The 1940 Emerson model FC-400 "Patriot" was almost identical in design to the Aristocrat, differing only in the color combinations and the knob design.  While the Catalin used in Aristocrat cases tended to be heavily marbleized, the Patriot cases were always solid colors.  The chassis were identical.

Patriotic feelings were growing as WW-II raged in Europe, and it was clear that it was only a matter of time before the U.S. would be drawn into the conflict.  Emerson sought to capitalize on this, and the Patriot was the result, featuring "flag" grills, star-patterned knobs, and red, white, and blue color combinations.  The wood-cased EP-406 made the same statement, but in a more subdued way.

The Patriot was offered in three color combinations.  The best information I have is that the knobs and handles should match the color of the cabinets.  The blue radio shown here has knobs and a handle from a badly damaged red Patriot, and the yellow radio was missing its original white handle when I acquired it, and now also has a red handle.  The grills and dials are correct as seen here.  The yellow radio case was originally white, and the blue cabinet has been restored (by sanding and polishing) to its original color.  When found, the blue cases have oxidized to a dark green or brown color.  This one actually looked like it had been burned, so I was able to buy it at a very reasonable price.

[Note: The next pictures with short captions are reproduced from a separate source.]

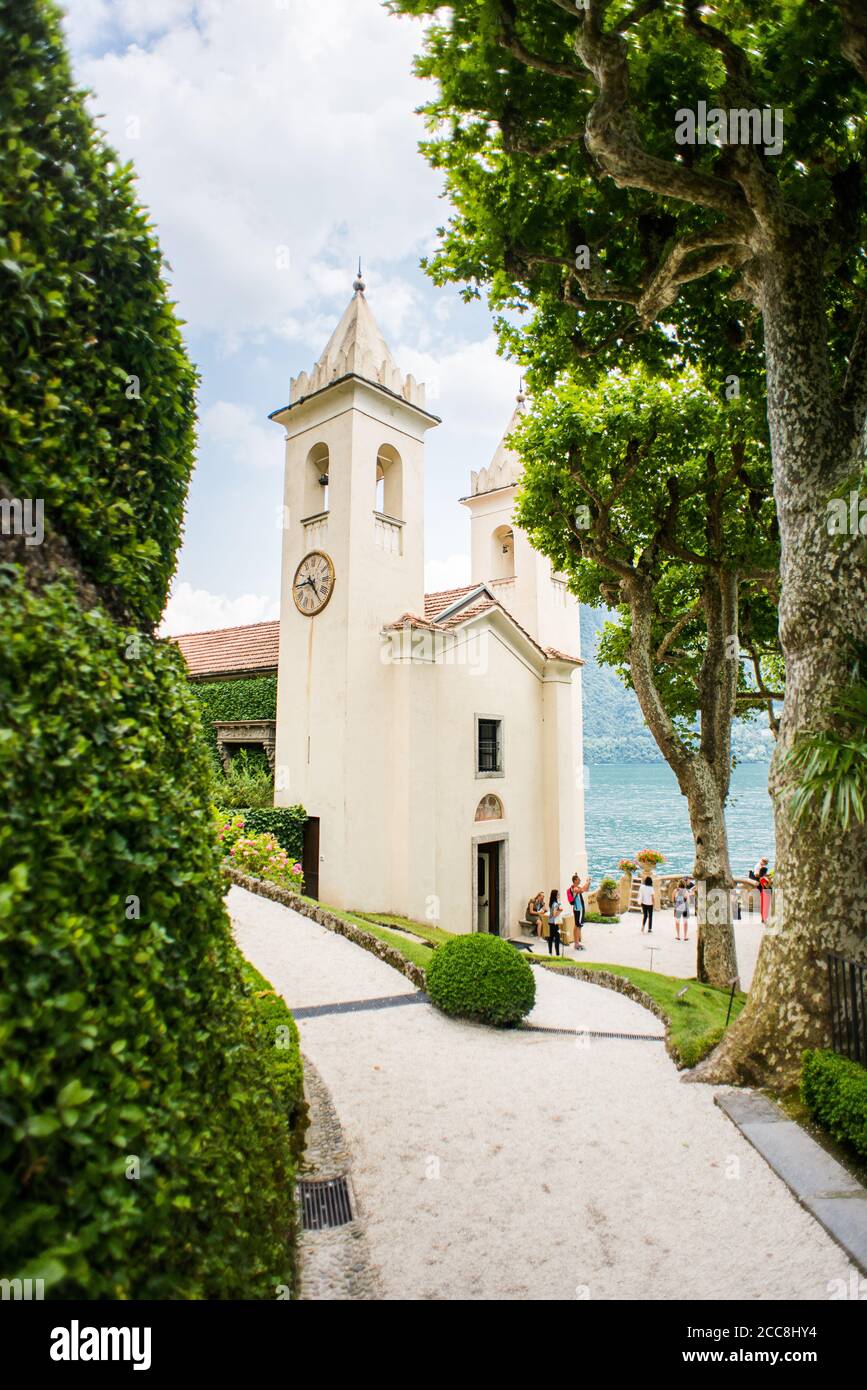 Villa Balbianello. Lake Como. Italy - July 19, 2019: Chapel on Villa del Balbianello. Lake Como. Italy. Stock Photo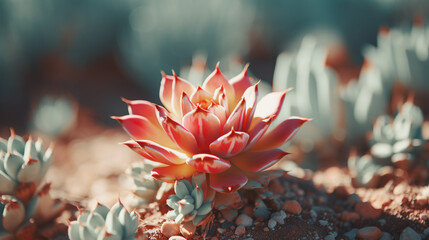 Wall Mural - a beautiful red cactus-like flower that grows in harsh conditions under the scorching sun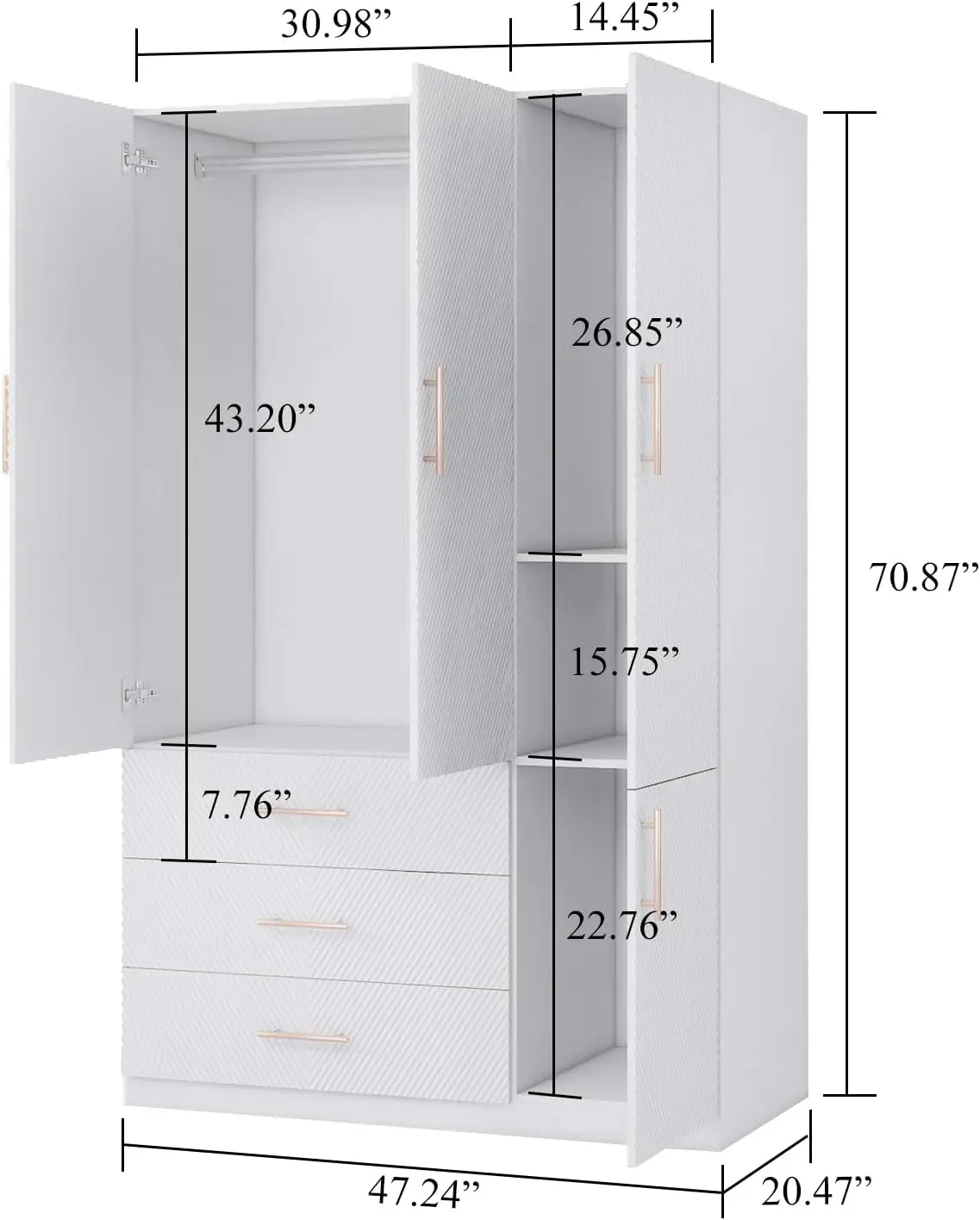 3 wardrobes, wooden bedroom handrails with hangers, three doors and drawers, 47.24 inches x 20.47 inches x 70.87 inches.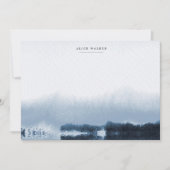 Carte de note Monogramme de paysage bleu aquarelle (Devant)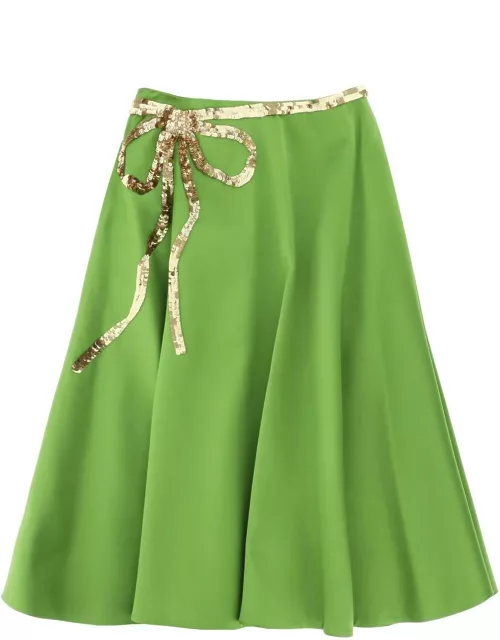 VALENTINO GARAVANI techno duchesse a-line skirt with sequin-studded bow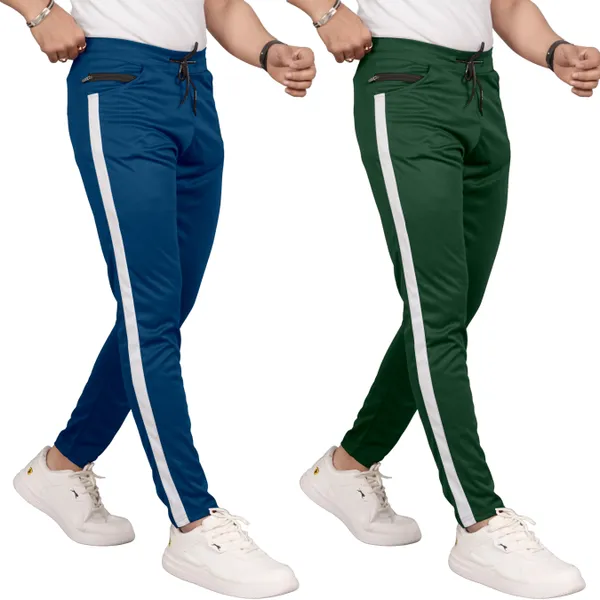 JackMail_Pack_of_2_Men_Solid,_Striped_Airforce,_Green_Track_Pants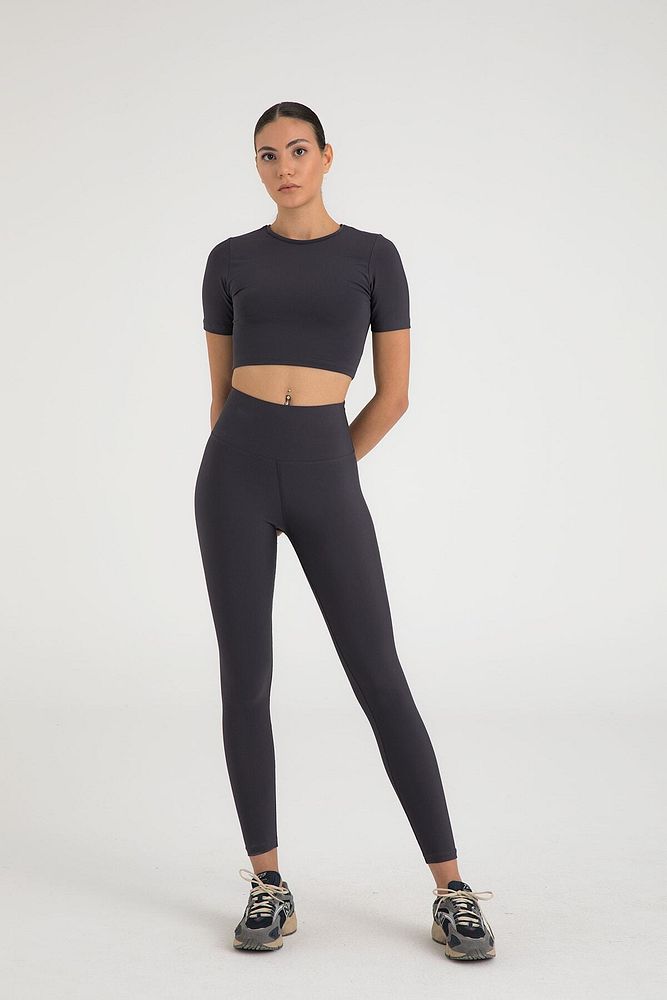 Yüksek Bel Toparlayıcı Spor Tayt Füme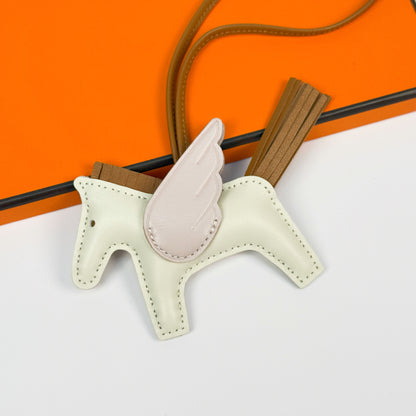 Leather Pegasus Pony Bag Charm, Lamb Skin Handmade pony pendant, car keychain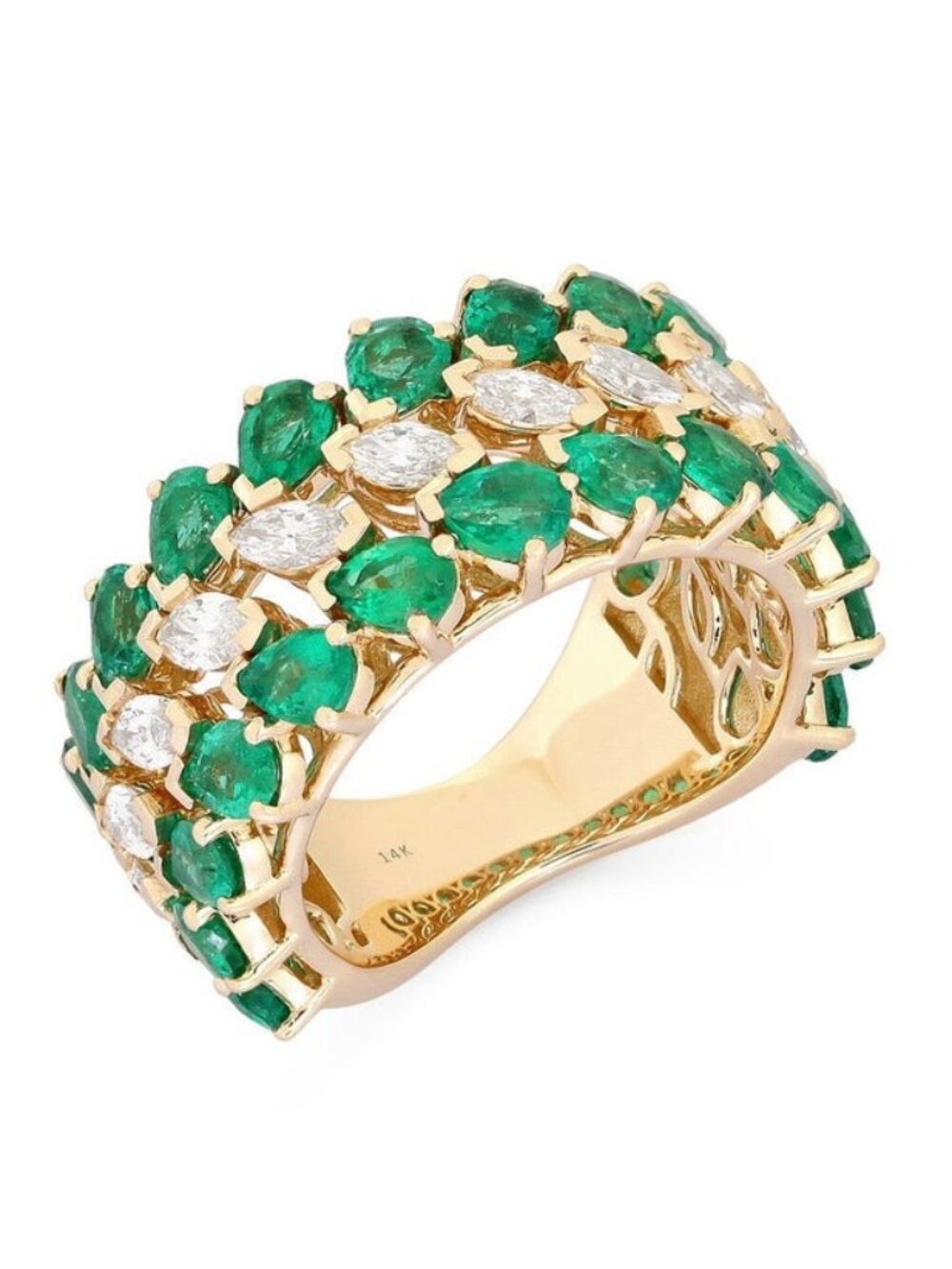 Emerald Brilliance Diamond 14K (or 18k upon request) Yellow Gold Eternity Ring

The problem with all of the Patriot and Aristocrat handles is that they didn't shrink along with the cabinet since they were made from a different material.  Many of them broke, or if they didn't, they caused the cabinet to break.  Quite often, these radios are found with the handles jammed in the "up" position (they are spring loaded so they can be pulled up for easy carrying).  This relieved the stress to some extent, and saved many of the cabinets.

This breakage problem left a pool of good cabinets without handles, and good handles without radios.  An additional problem with the blue trim pieces is that they have aged to a dark green color, and it is very difficult to restore them to their original color as is done with the cabinets.  They just don't look good on a restored blue cabinet.  The white handles seem to have been the most prone to breakage, so they are generally harder to find.

I never understood why Emerson matched the knob and handle colors to the cases.  They look much better with the trim swapped around.  The blue radio looks spectacular with red trim.  The red radio would look great with the white trim, and the white radio would be much improved with the blue trim.  Was this sort of swapping done by the original retailers?  It wouldn't surprise me.  And, it is always possible that alternate configurations emerged from the factory, perhaps later in the production run.

In any event, the Patriots that are seen today are often the result of parts swapping by collectors who want to complete a radio, or dealers who throw parts together to create a sellable item, or purveyors of "Modern Art" who create non-factory "rarities" to entice the gullible.